Process of sending money to India through MTSS (Money Transfer Service Scheme)
The method involved in sending money to India through MTSS is very basic, which incorporates the accompanying-
  • For the money remittance, remitter needs to visit area where Money Gram or Western Union Money Transfer outlet is situated in such nation where the service is offered. Then, at that point, the structure is needed to be loaded up with the expenses as needed alongside the extra charges applicable. After this, a one of a kind MTCN (Money Transfer Control Number) will be generated by the framework which is considered as the Reference Number.
  • The remitter needs to intimate the payee with respect to the deposits. After this, Payee needs to visit the Post Office to fill the essential form and to show ID documents for confirmation.

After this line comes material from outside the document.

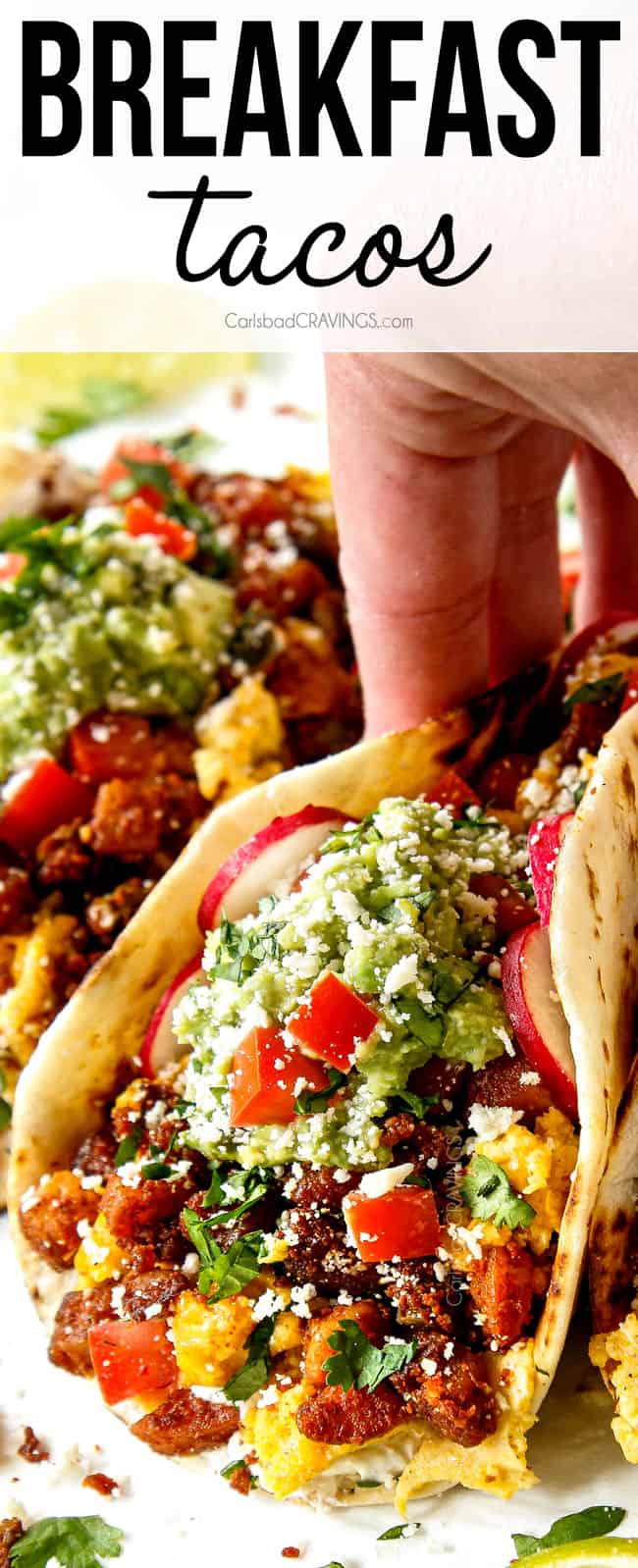 up close of a hand holding a breakfast taco showing the ingredients - potatoes, eggs, chorizo, guacamole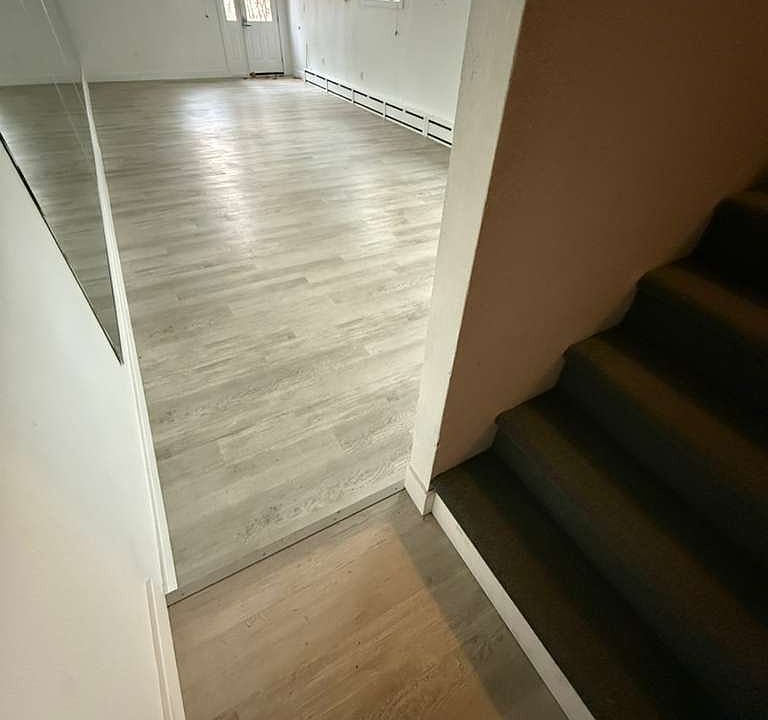 Stair platform into studio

  • From there on MTCN is needed to be given to an official who checks from the transaction record.
After confirmation, money is conveyed to the payee in Indian currency. Per transaction, remittance of up to 2500 USD is allowed according to the RBI rules which can’t be overruled. Simply up to the sum 50,000 INR can be paid in cash over this, the sum can be straightforwardly saved in the account or a cheque for the sake of the recipient.

The course of money remittance to India scarcely involves a lot of time. Disregarding the fact that there is a restriction of maximum 30 exchanges yearly, heaps of individuals are taking advantage of this.

We enthusiastically suggest individuals ought to apply for this amazing opportunity to be an Indian agent and take the authorization of the concerned authority and dispense money to recipients in India at progressing trade rates.